Volume 555: debated on Monday 10 December 2012

We are investing £400 million in the next four years to reduce fraud and error as part of a joint operation with Her Majesty’s Revenue and Customs and the Cabinet Office. We are already making progress, and universal credit will enable even greater strides to be made. At the autumn statement, the inclusion of universal credit in the baseline—a critical moment—means we now anticipate savings from fraud, error and overpayments to be roughly £2.2 billion per year.

I welcome my right hon. Friend’s response. Any money defrauded from the taxpayer is money taken from those who are most in need. Does he agree that universal credit is one way in which the Government are cracking down on those who are abusing the system?

That is absolutely true. We were left with a series of benefits that too often were riddled with fraud and error. Not all of this is about fraud. Many people are receiving overpayments or underpayments when they should be receiving the correct amount. Too often with tax credits, people are chased at the end of the year, without their realising that they had received the wrong money in the first place. Universal credit will be kinder in the sense that it will be adjusted each month. It will help us save huge sums—some studies state £2.2 billion per year.

The Government’s decision to go digital by default—in other words, people will be able to receive universal credit only if they apply online—surely creates a greater chance of fraudulent activity. We all remember what happened with the online form for child tax credits. What guarantees do the Government have that universal credit will not be susceptible to online fraud and that the necessary checks will not take such a long time that they will delay payment? All of a family’s income will come through universal credit.
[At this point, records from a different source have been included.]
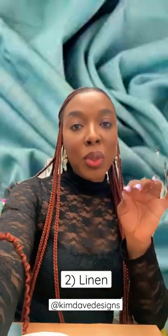Next on the list is linen, which is like the older sister to cotton. It has a little bit of volume. It is woven as well. It is breathable and great for summer projects.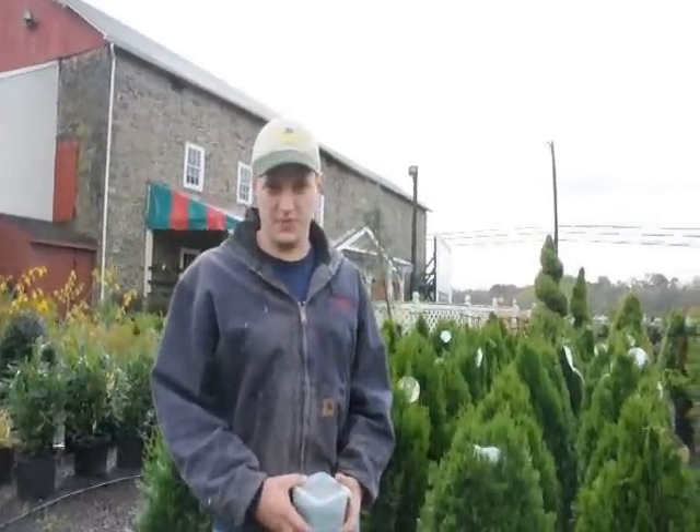Hello, my name is Mike Hurst from Highland Hill Farm. I'm in charge of growing plants at Highland Hill Farm, and today I'm going to discuss how to fertilize the arborvitae.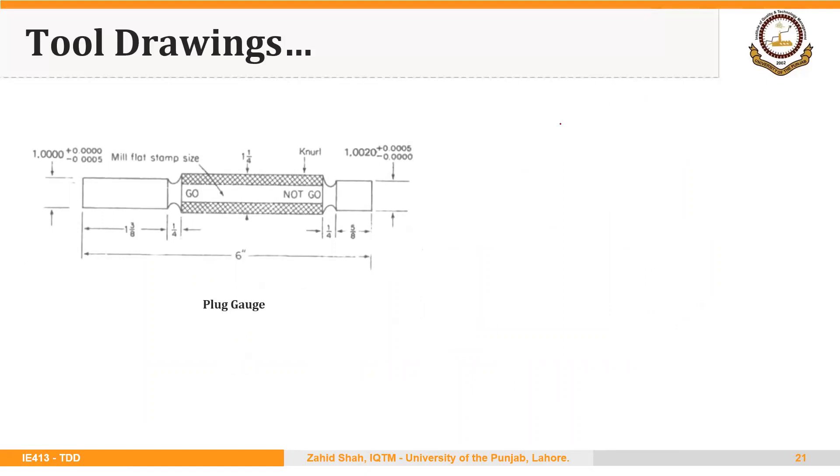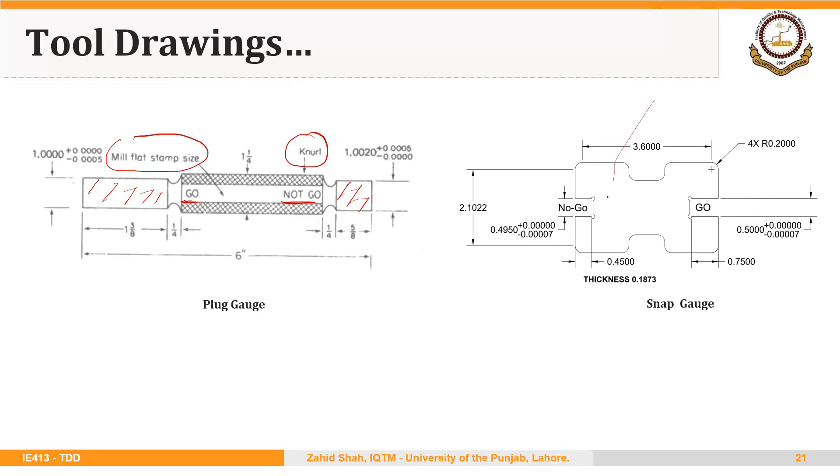This is the plug gauge, which we will draw in our module on inspection tooling. The go side is longer in length and the not-go side is smaller in length. Machine surface descriptions are used with words to describe the machining process. This is a snap gauge — one view is used and the thickness is mentioned in words. We have not repeated the same dimensions on all four corners; instead, the number four is used to indicate that all four corners should have this radius. Words are also used to designate the sides of the gauge.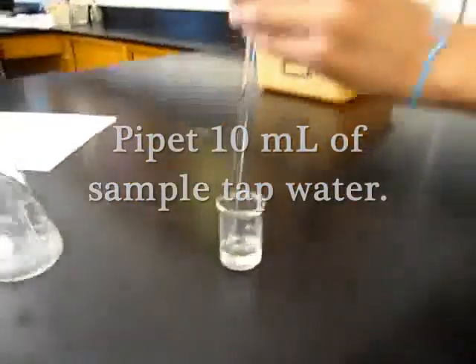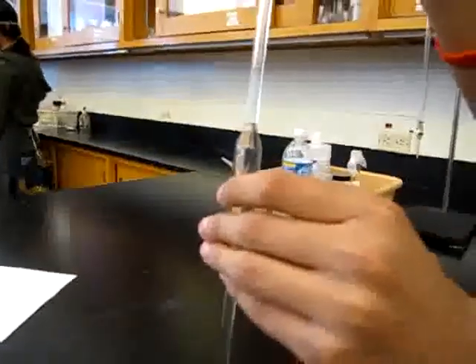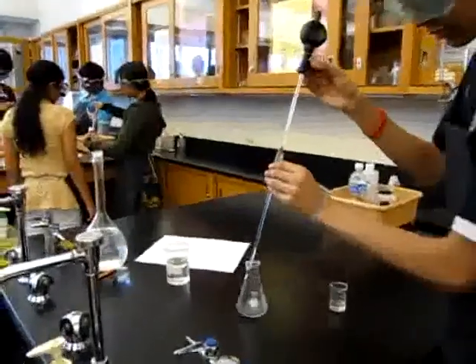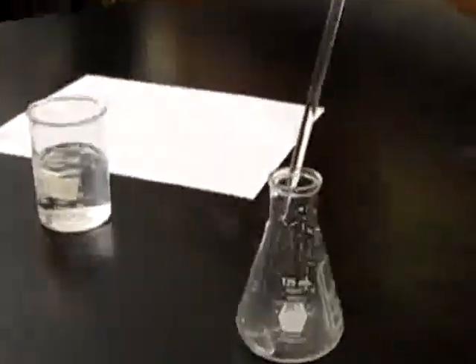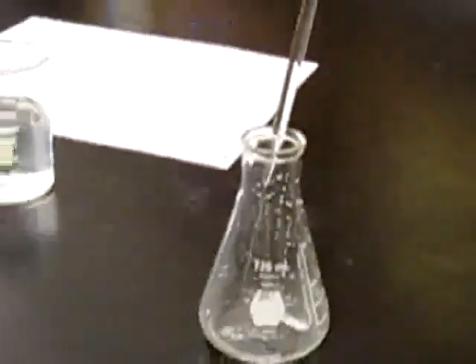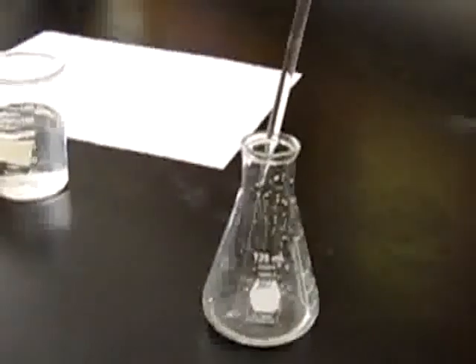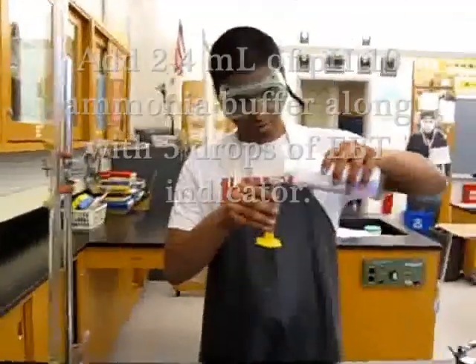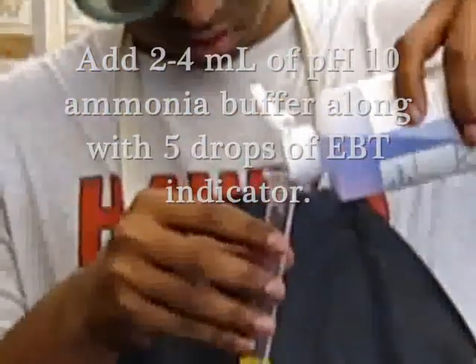Pipet 10 milliliters of the tap water sample into an Erlenmeyer flask. Add 2-4 milliliters of pH 10 ammonia buffer to ensure that the EDTA reacts primarily with the calcium and magnesium ions in the solution.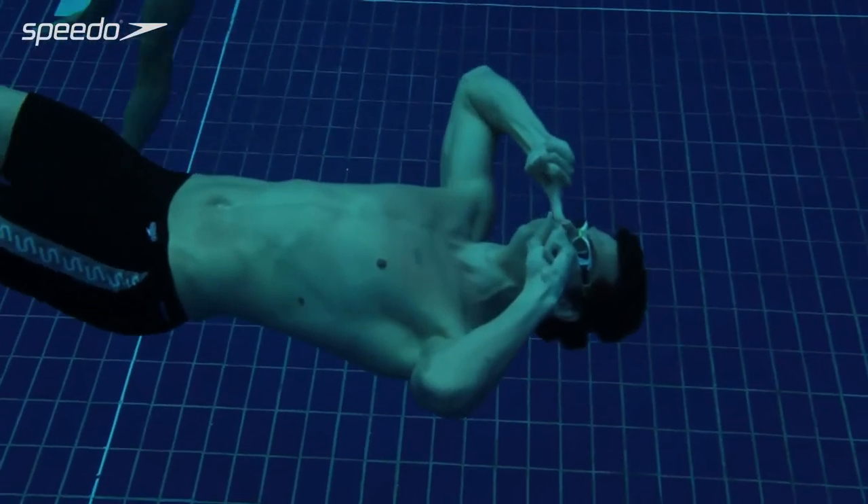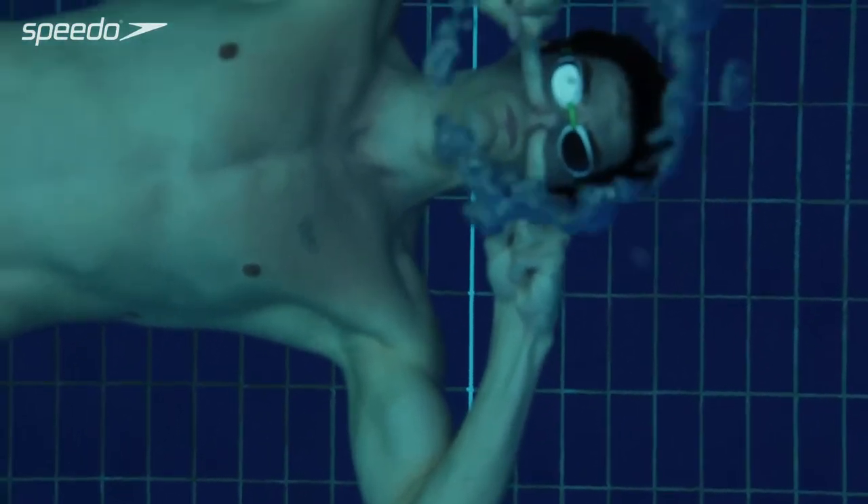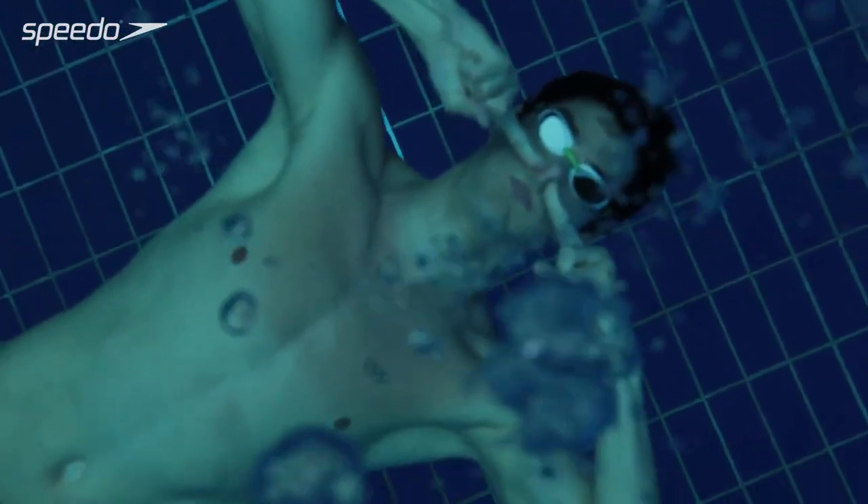Swimming has the benefit of being next to no impact on the joints. So I think having that, your muscles have the ability to work out and have that level of fatigue without injuring the muscles too much. So I think it's an all-around great way to get fit and to get nice and lean and toned.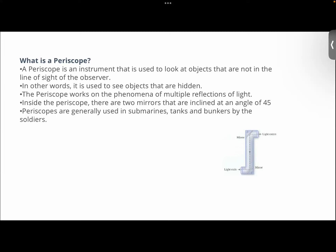What is a periscope? A periscope is an instrument that is used to look at objects that are not in the line of sight of the observer. In other words, it is used to see objects that are hidden. The periscope works on the phenomena of multiple reflections of light. Inside the periscope, there are two mirrors that are inclined at an angle of 45 degrees. Periscopes are generally used in submarine tanks and bunkers by soldiers.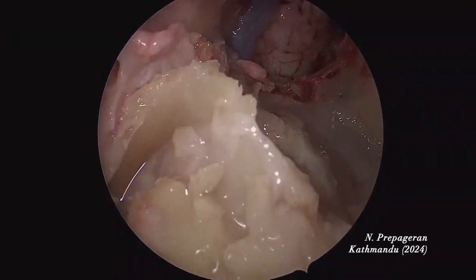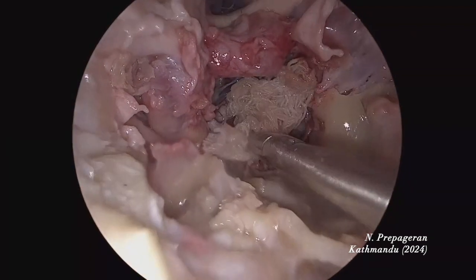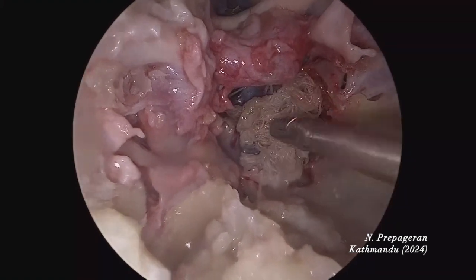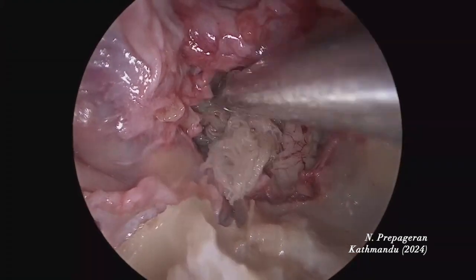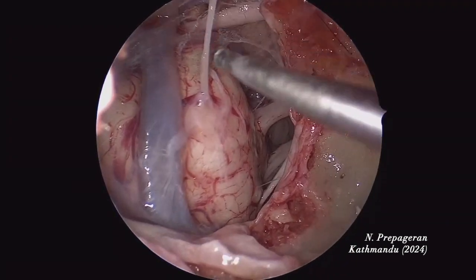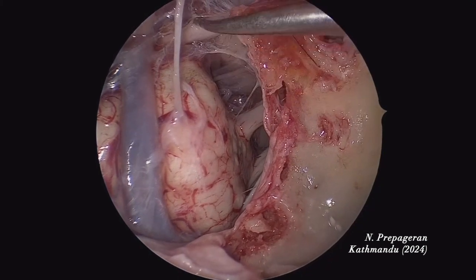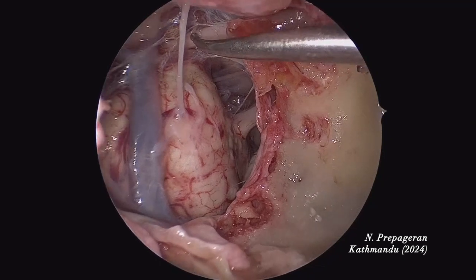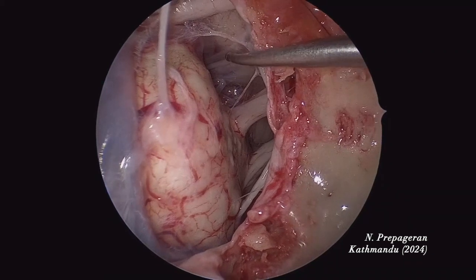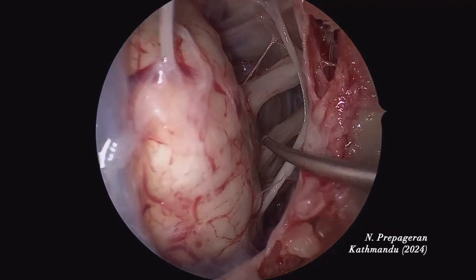How do we reconstruct this? Back to zero-degree scope. Use a piece of fat, put it here, put the dura back, and put the septal flap on top. Basilar artery, posterior cerebral, superior cerebellar, third cranial nerve. Sixth cranial nerve, fourth cranial nerve, fifth cranial nerve — the big one. I'm going to go in now. Seven and eight. Six is close by. Seven, eight, and IAM.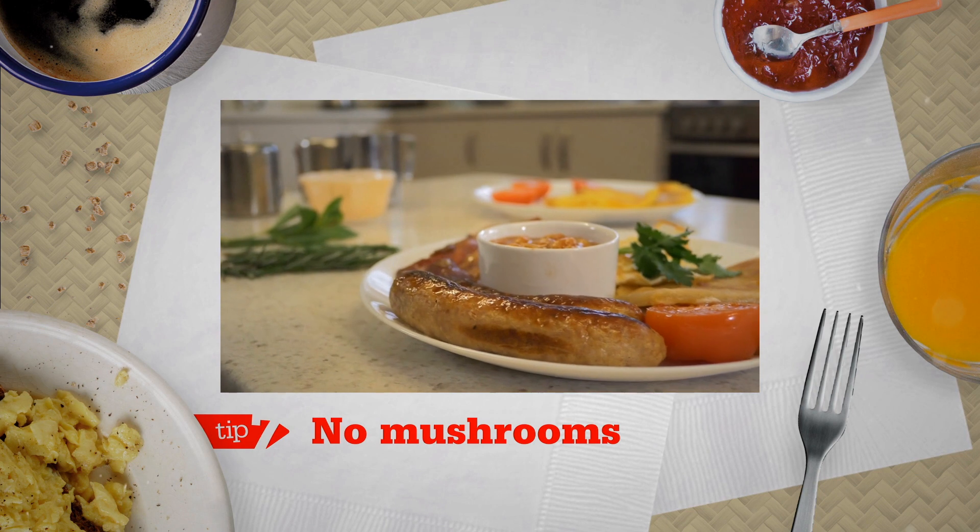Tip 7: No mushrooms. Guys, don't tackle mushrooms. No matter how fresh they are, when you cook them they're going to shrink, water is going to come out of them, and they're eventually going to turn black. Forget it.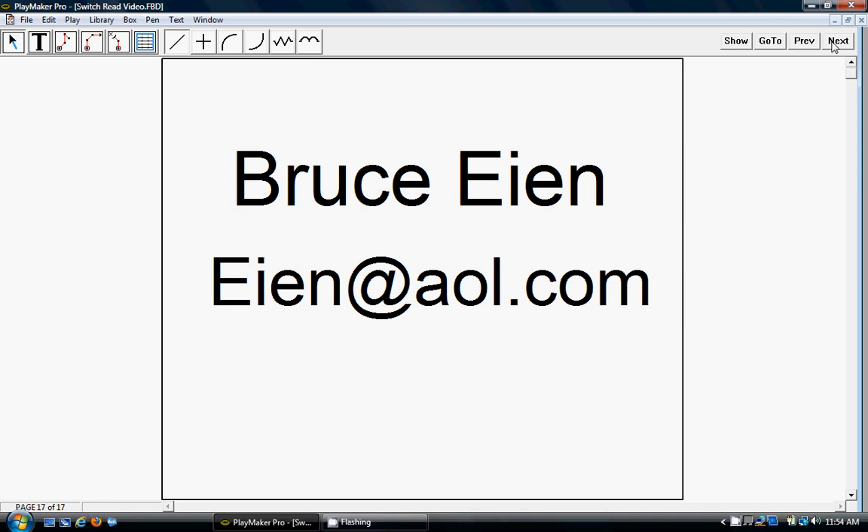My name is Bruce Sion. My email address is eien at AOL.com — E-I-E-N. I would love to answer any questions you have. Thank you.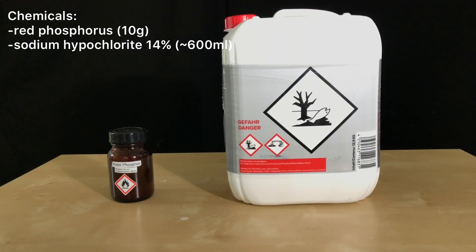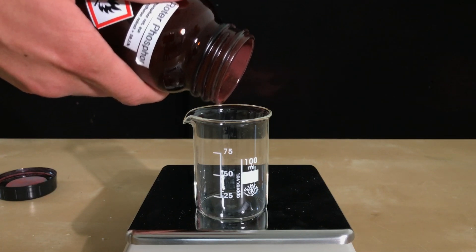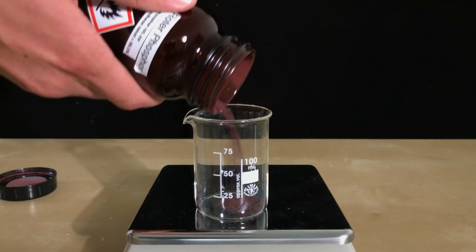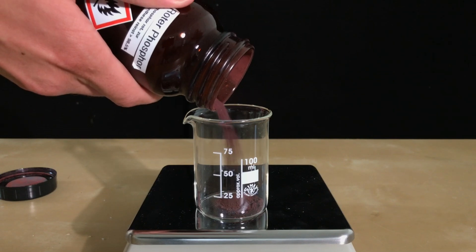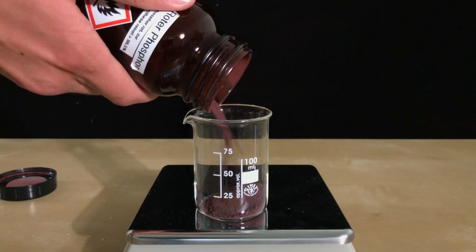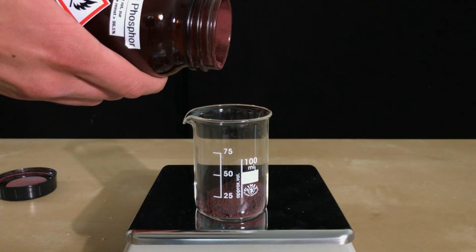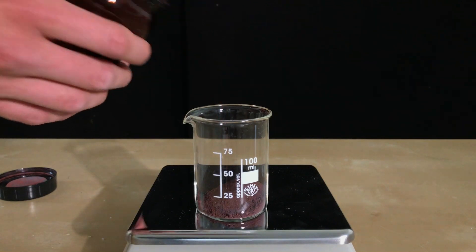To do this we are going to use 10 grams of red phosphorus and about 600 milliliters of 14% sodium hypochlorite solution. Exactly 10 grams of red phosphorus were weighed out. You shouldn't repeat this, but if you do, keep in mind that not every brand of red phosphorus contains violet phosphorus.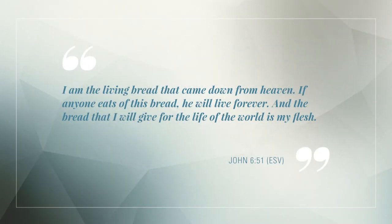In John chapter 6, before a large crowd, Jesus proclaimed that he is the bread of life, and that the people in the world need to eat his flesh. He said, 'I am the living bread that came down from heaven. If anyone eats of this bread, he will live forever. And the bread that I will give for the life of the world is my flesh.' John chapter 6, verse 51.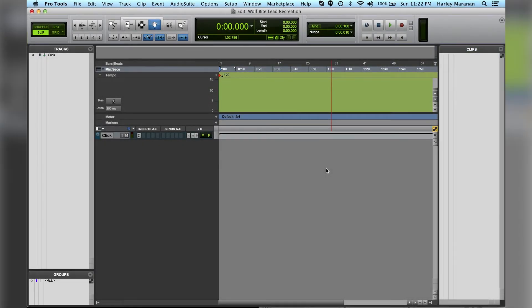Hey guys, it's Harley Moranen, and today I wanted to show you how you can recreate Wolfbite, Owl City's new song from his album Ultraviolet EP. Now, this is not an exact replica, but it is a very, very close recreation to the lead synth he uses in Wolfbite. In Wolfbite, his lead synth is kind of like a saw sound. I believe he made it on a Norda wave, based on my research. While experimenting in Pro Tools, I just randomly came across getting close to the sound, so I wanted to share it with you guys.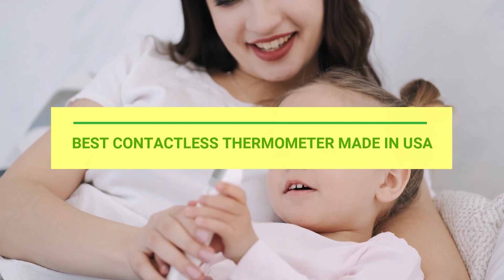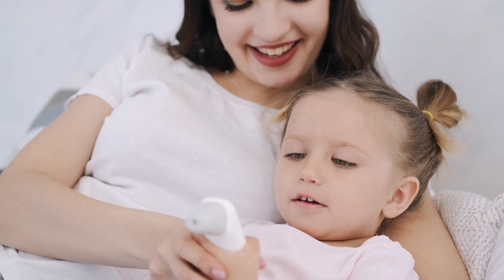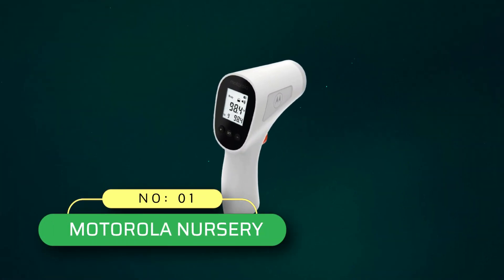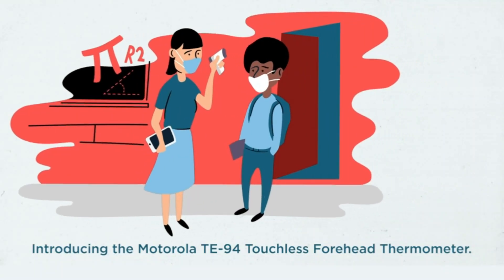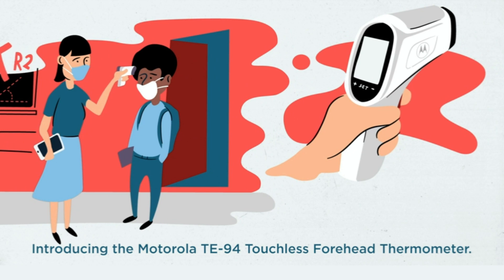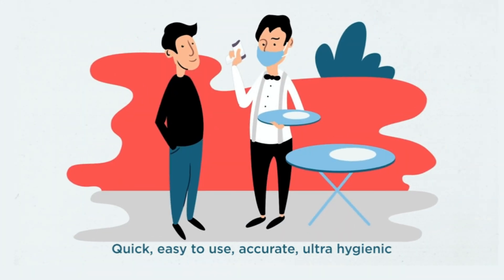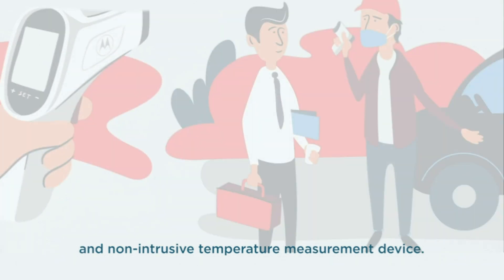Best contactless thermometer made in USA. Number 1: Motorola Nursery contactless thermometer made in USA. The TE94 touchless forehead thermometer is quick and easy to use, providing an accurate and non-intrusive temperature measurement every time. This infrared thermometer is ideal for the whole family.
We have taken account of that. I have had the opportunity to discuss this with the hon. Lady, and I am sure I will again. The reality is that digital by default does not mean that that is the end of it for people who are not online. On the contrary, we allow for those who are not online. We will help and support them as they make their claim, and it will be taken through the system. They will receive their money on time. For those in doubt, we will make payments anyway. We fully recognise the reality of the need for money and for it be sorted out afterwards—that has been taken into account.